═════ Dataset entries ═════

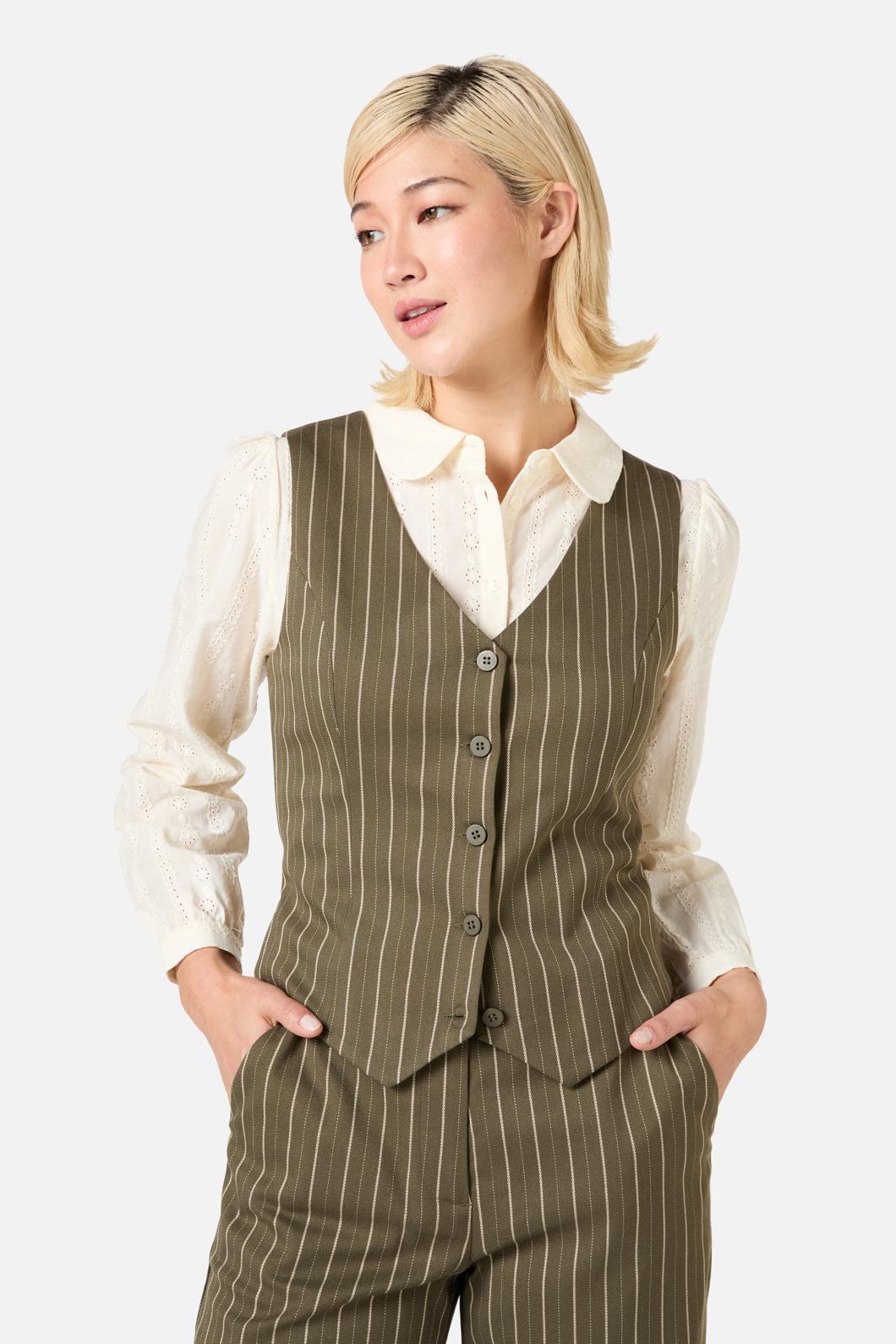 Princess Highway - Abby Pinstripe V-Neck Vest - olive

═════
═════ Dataset entries ═════

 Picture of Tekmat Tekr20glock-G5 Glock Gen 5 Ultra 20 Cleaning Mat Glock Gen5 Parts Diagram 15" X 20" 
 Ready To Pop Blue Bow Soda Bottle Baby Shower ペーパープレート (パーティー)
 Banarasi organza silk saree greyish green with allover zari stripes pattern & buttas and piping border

═════

--- Directions ---
Reproduce, character for character, only the lines of the preceding data that start at the line with "Ready To Pop" and end at the line with "Banarasi organza silk", both included.

--- Exercise result ---
 Ready To Pop Blue Bow Soda Bottle Baby Shower ペーパープレート (パーティー)
 Banarasi organza silk saree greyish green with allover zari stripes pattern & buttas and piping border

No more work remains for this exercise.